The desserts were the highlight. Full stop. I’m not even going to rank them because ranking them feels disrespectful to how good they all were. The table went quiet when the dessert tier arrived, which if you know my family, tells you everything.

The service matched the setting — attentive without hovering, warm without being performative. They refilled without being asked. They explained every dish. They did not make us feel rushed for a single second, which is a gift when you’re a group of women who have been waiting for an excuse to sit down and talk uninterrupted.

About That Tea, Though

I need to talk about the tea specifically because it was so good that we bought a bag to take home.

The Lanesborough’s signature tea blend is $40 per pound, which is also a lot of money for dried leaves. We bought it anyway. No regrets. It has genuinely ruined all other tea for me, which is a problem I was not anticipating when I booked this experience but here we are.

If you go — and you should go — do not leave without buying a bag. You will thank me.

Is It Worth It?

Yes. Unreservedly, enthusiastically yes — with one caveat: go with people you actually want to sit with for two hours. High tea is not a quick stop. It is an experience. It is an occasion. It is the kind of afternoon that requires the right company to fully appreciate.

My sisters were perfect. We talked, we laughed, we argued about which Bridgerton sibling we each are (I’m a Daphne with Eloise energy, and I will not be taking further questions on this), we took an unreasonable number of photos, and we left feeling like we had genuinely done something special.

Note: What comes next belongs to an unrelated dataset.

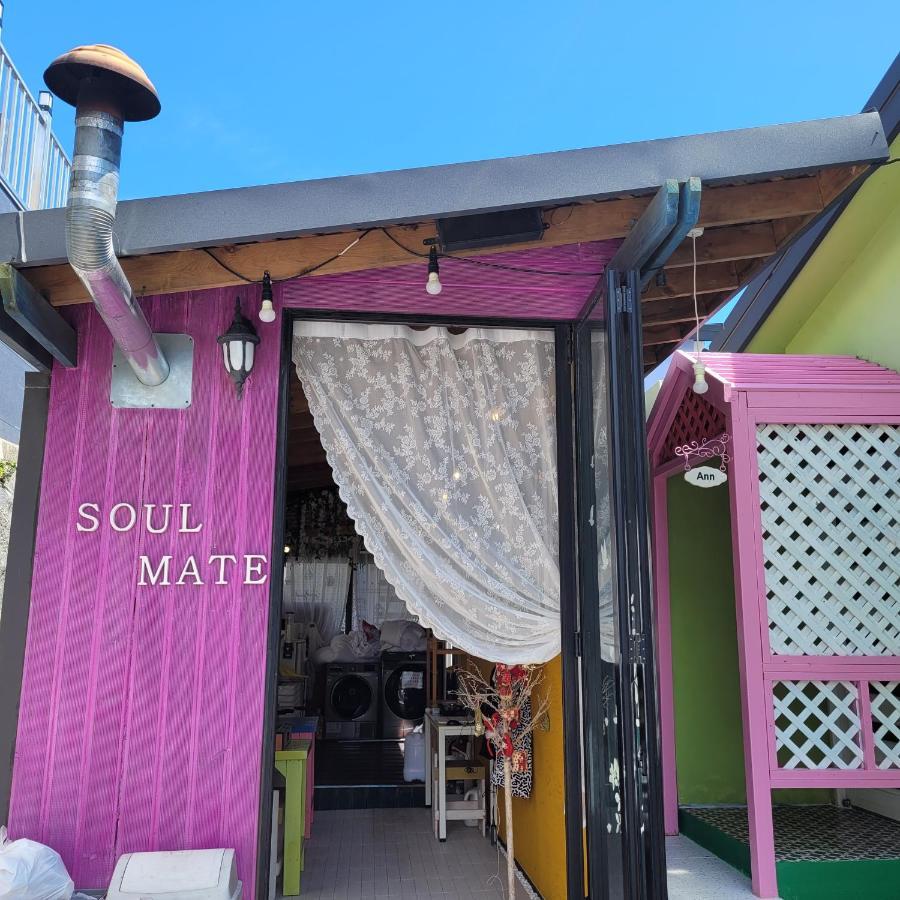 Soulmate Pension Namhae Εξωτερικό φωτογραφία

The Bridgerton collab was a love letter to the fandom — and as a woman who has loved these books since before most people knew they existed, sitting in a gorgeous London hotel, dressed up, eating Bridgerton desserts with the people I love most felt a little bit like the universe closing a very long loop.

Worth every pound. Worth every penny. 10/10, would abandon finals for again.

The Details (Because I Know You’re Going to Ask)

📍 Where:  The Lanesborough Hotel, Hyde Park Corner, London

💷 Price:  £92 per person (~$118 USD) · Children under 3 free

🍵 Don’t miss:  The dessert tier. The signature tea. Buy a bag to take home.

👗 Dress code:  Smart casual — but honestly, wear something fun. You will want photos.📅 Book ahead:  Reserve in advance — this fills up fast.